WORK ITEM – Repeat every entry exactly. Pictures stay out.

:::

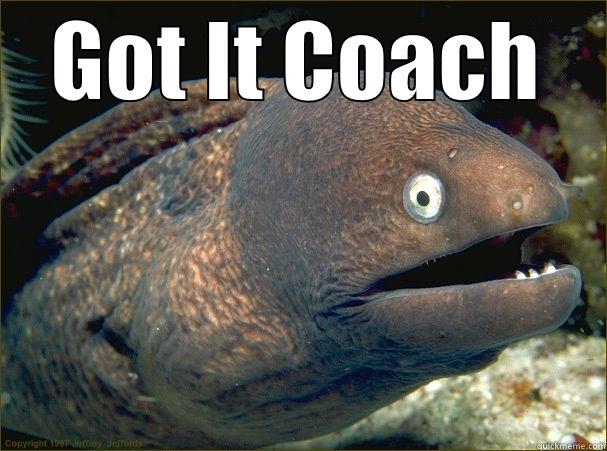 GOT IT COACH  Bad Joke Eel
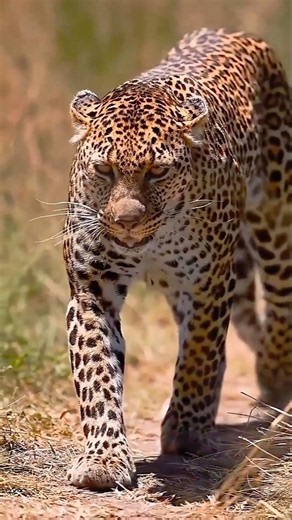 चीता अपनी ही रफ्तार से मर सकता है? | Cheetah Speed Facts #wildlife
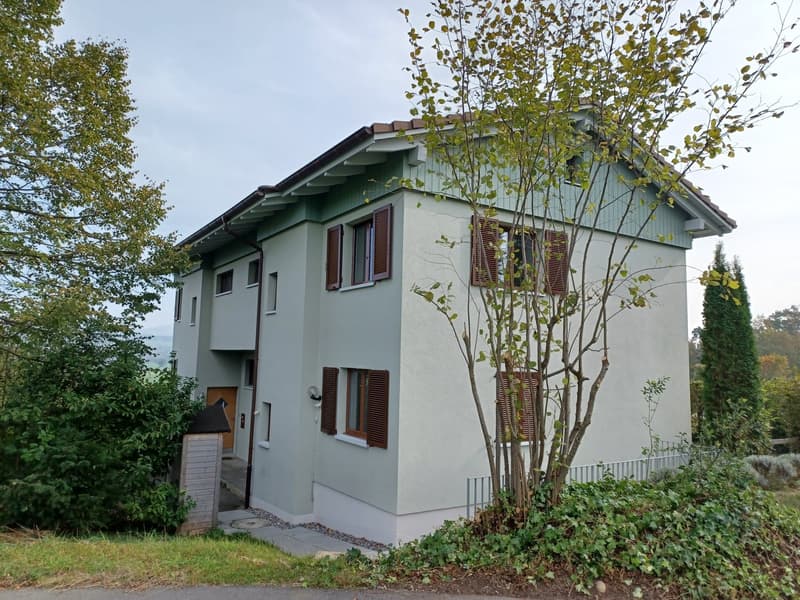 Neu renovierter Hausteil (2)
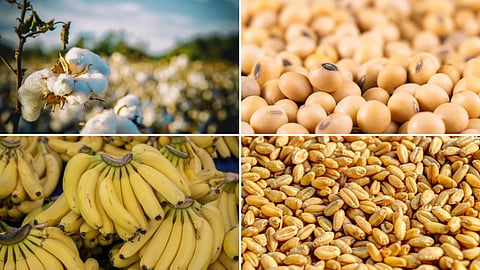 Agriculture Market 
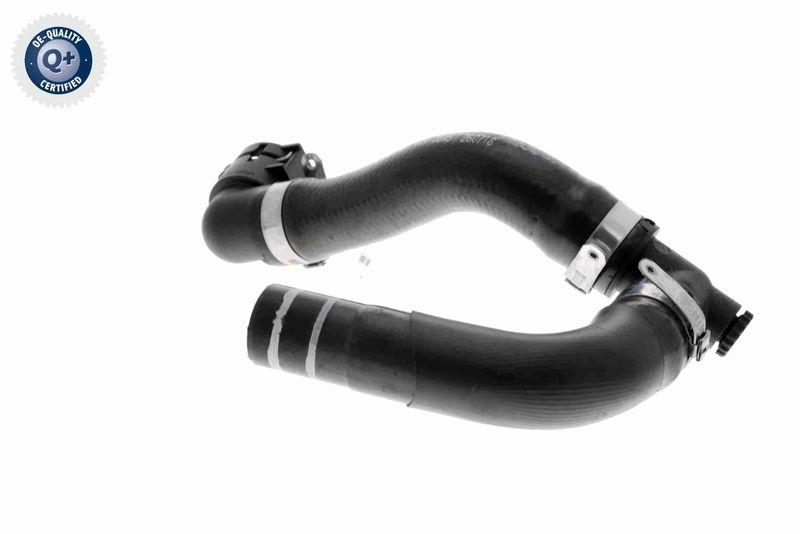 VAICO V24-0845 K&uuml;hlerschlauch f&uuml;r FIAT
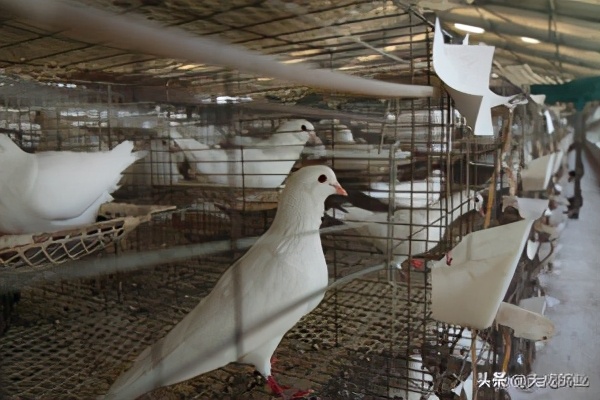 肉鸽养殖前景分析报告,云南肉鸽养殖前景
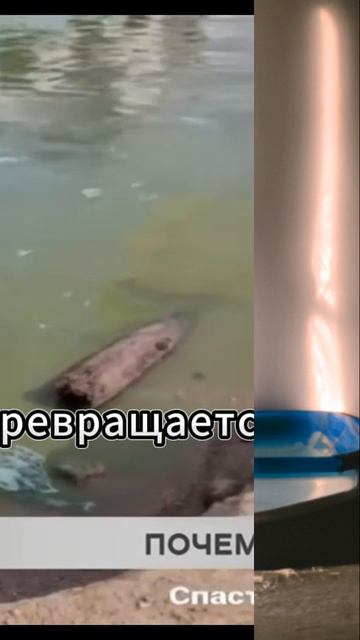 загрязнение Байкала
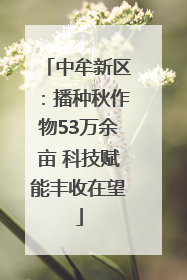中牟新区：播种秋作物53万余亩 科技赋能丰收在望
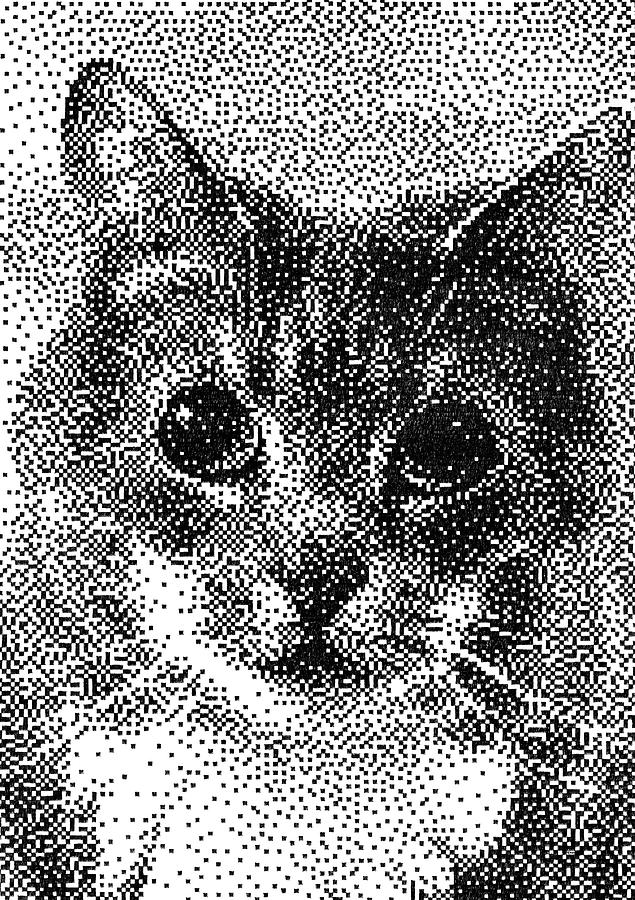 Pen Pixel Cat Drawing by Hakon Soreide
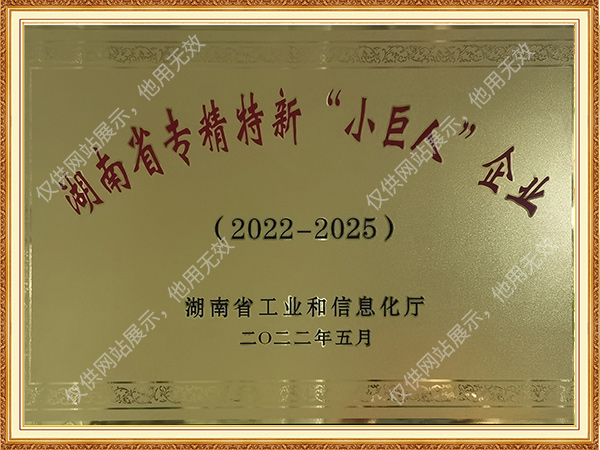 2022-2025湖南省專(zhuān)精特新“小巨人”企業(yè)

:::

THE COMPLETED TASK –
 GOT IT COACH  Bad Joke Eel
 चीता अपनी ही रफ्तार से मर सकता है? | Cheetah Speed Facts #wildlife
 Neu renovierter Hausteil (2)
 Agriculture Market 
 VAICO V24-0845 K&uuml;hlerschlauch f&uuml;r FIAT
 肉鸽养殖前景分析报告,云南肉鸽养殖前景
 загрязнение Байкала
中牟新区：播种秋作物53万余亩 科技赋能丰收在望
 Pen Pixel Cat Drawing by Hakon Soreide
 2022-2025湖南省專(zhuān)精特新“小巨人”企業(yè)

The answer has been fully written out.